This read hook structures data for Direct Preference Optimization (DPO) tasks, organizing prompts, chosen responses, and rejected responses into semantic data array. Requires keys for prompt, chosen, and rejected data. The implementation can be found here.

Prompt Completion Chat Hook

This read hook processes prompt and completion data as a single turn chat and creates a semantic data array format. The implementation can be found here.

Fine-Tuning Image Captions Hook

Processes fine-tuning image captions data into a semantic data array format. Requires keys for image and caption data. The hook implementation can be found here.

Fine-Tuning LLaVA Hook Prompt Completion

This read hook transforms conversation data for fine-tuning LLaVA, alternating between prompt and completion roles. Requires keys for conversation data and image paths. The hook implementation can be found here.

Custom Read Hook Examples

This section describes examples of custom read hooks for processing data on Cerebras Systems. The return data fields are:

  1. type: Indicates the role in the conversation. Possible values are system, user, assistant, prompt, or completion.

  2. content: A list of dictionaries representing parts of the conversation turn. Each dictionary can contain: - text: A segment of text. - image: The path to an image (if applicable).

  3. semantic_loss_weight: A list of booleans indicating which parts of the content might be dropped during training for semantic purposes.

Ultra Chat Common Words Mask Hook

This hook masks selected words in the sequence and was written for Ultrachat data. The link to the dataset is here. The hook implementation can be found here.

Obelics Hook

Processes obelics dataset examples into a semantic data array format. Requires keys for image and text data. The dataset link and description can be found here. The hooks implementation can be found here.

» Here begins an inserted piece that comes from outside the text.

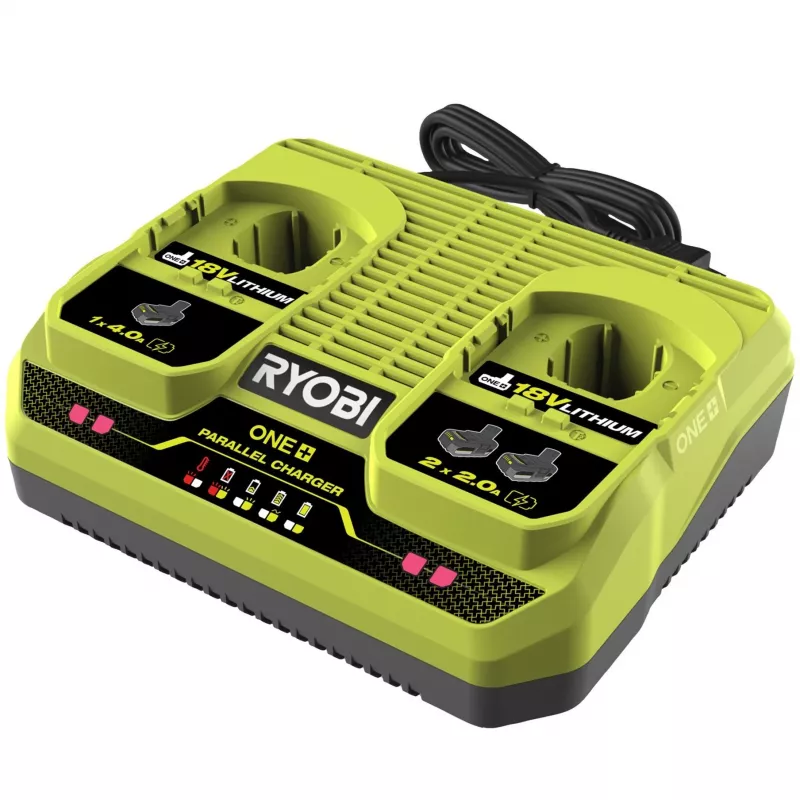 Cargador de batería 18V / 2 puertos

Llama3.1 Chat Template Formatted Data Hook

Processes a multi turn conversation dataset on which chat template of the tokenizer meta-llama/Meta-Llama-3-8B-Instruct has already been applied, into a semantic data array format. Requires keys for image and text data. The dataset link and description for a sample dataset can be found here. The hooks implementation can be found here.

Important Considerations

  • Handling keys to read data: The read_hook_kwargs must have data keys with the suffix _key to segregate these from other parameters for read_hook_kwargs. These keys for data will be exculsively used to read data from the input while other parameters which are not data keys will be used to create semantic data array from the read hooks.

  • Space Handling: When combining custom regions, the data processor does not add any spaces or separators between the regions. Space handling must be managed within the read hooks.When creating custom semantic regions, ensure there is a leading space at the start of each region (except the first) to prevent the merging of words from neighboring regions.

  • Multimodal Datasets: When working with multimodal datasets, if images are provided as URLs, the hooks should download the images and generate image paths to be used by the multimodal models.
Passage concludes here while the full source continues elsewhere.